# Work to complete:
Your answer should hold only the lines from the one with "Hand Embroidered Art Silk Saree in Blue" through the end of the records, repeated exactly and minus any pictures.

# Data items:
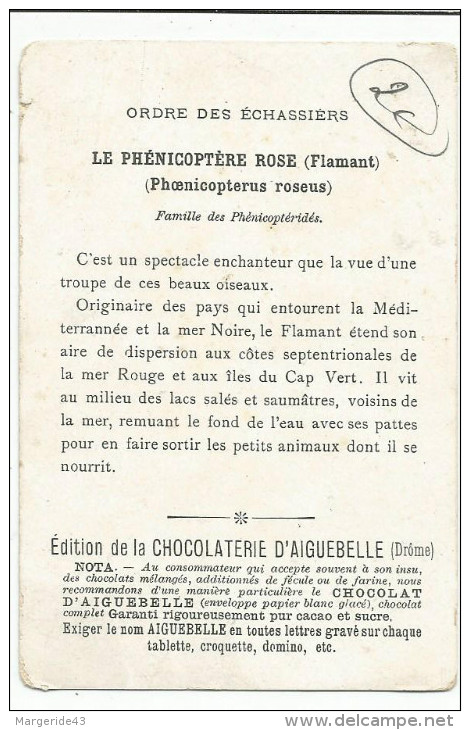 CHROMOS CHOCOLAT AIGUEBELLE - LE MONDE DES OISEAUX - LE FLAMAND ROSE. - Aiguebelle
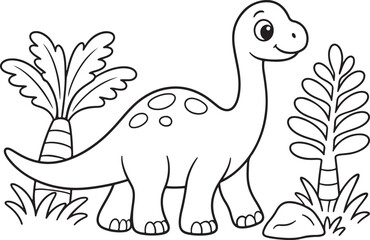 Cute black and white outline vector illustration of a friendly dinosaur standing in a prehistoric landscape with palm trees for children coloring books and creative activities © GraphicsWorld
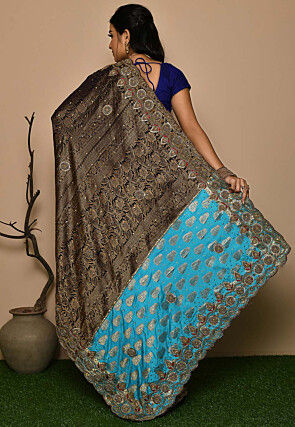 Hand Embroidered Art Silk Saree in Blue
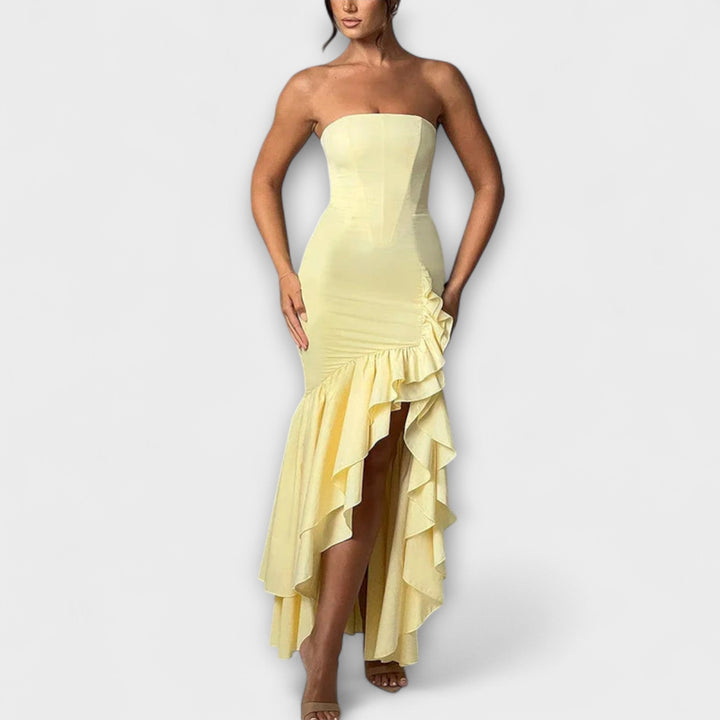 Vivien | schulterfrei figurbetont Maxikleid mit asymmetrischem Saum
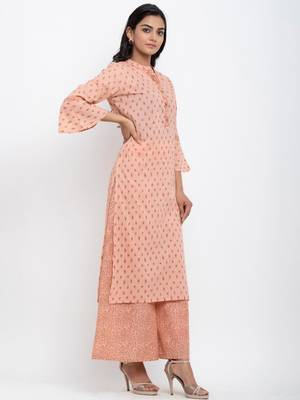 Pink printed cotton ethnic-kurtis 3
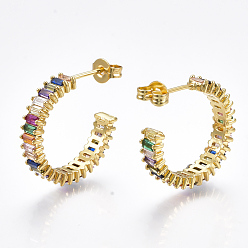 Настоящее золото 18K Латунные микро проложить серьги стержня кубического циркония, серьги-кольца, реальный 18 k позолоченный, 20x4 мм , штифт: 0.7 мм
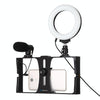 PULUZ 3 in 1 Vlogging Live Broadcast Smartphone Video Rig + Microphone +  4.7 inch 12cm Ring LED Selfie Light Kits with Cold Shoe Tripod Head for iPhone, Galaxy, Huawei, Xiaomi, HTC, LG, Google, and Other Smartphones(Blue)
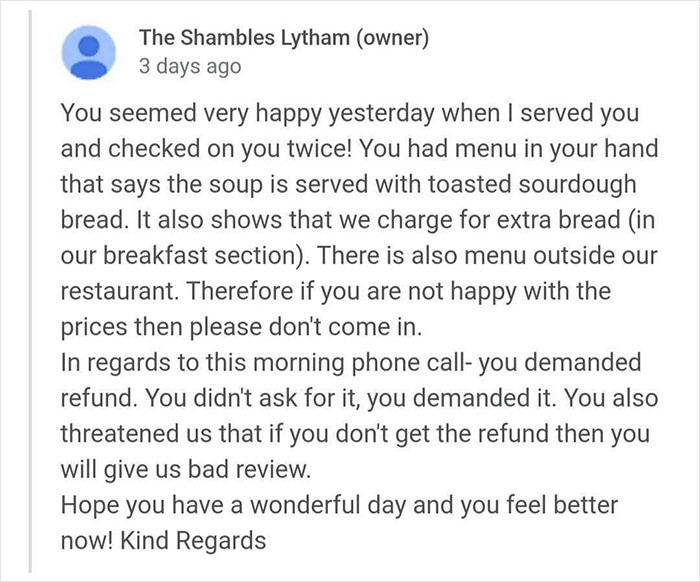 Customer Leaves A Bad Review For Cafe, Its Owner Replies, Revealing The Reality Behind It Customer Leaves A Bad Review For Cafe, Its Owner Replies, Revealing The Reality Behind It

# Result for this task:
 Hand Embroidered Art Silk Saree in Blue
 Vivien | schulterfrei figurbetont Maxikleid mit asymmetrischem Saum
 Pink printed cotton ethnic-kurtis 3
 Настоящее золото 18K Латунные микро проложить серьги стержня кубического циркония, серьги-кольца, реальный 18 k позолоченный, 20x4 мм , штифт: 0.7 мм
 PULUZ 3 in 1 Vlogging Live Broadcast Smartphone Video Rig + Microphone +  4.7 inch 12cm Ring LED Selfie Light Kits with Cold Shoe Tripod Head for iPhone, Galaxy, Huawei, Xiaomi, HTC, LG, Google, and Other Smartphones(Blue)
 Customer Leaves A Bad Review For Cafe, Its Owner Replies, Revealing The Reality Behind It Customer Leaves A Bad Review For Cafe, Its Owner Replies, Revealing The Reality Behind It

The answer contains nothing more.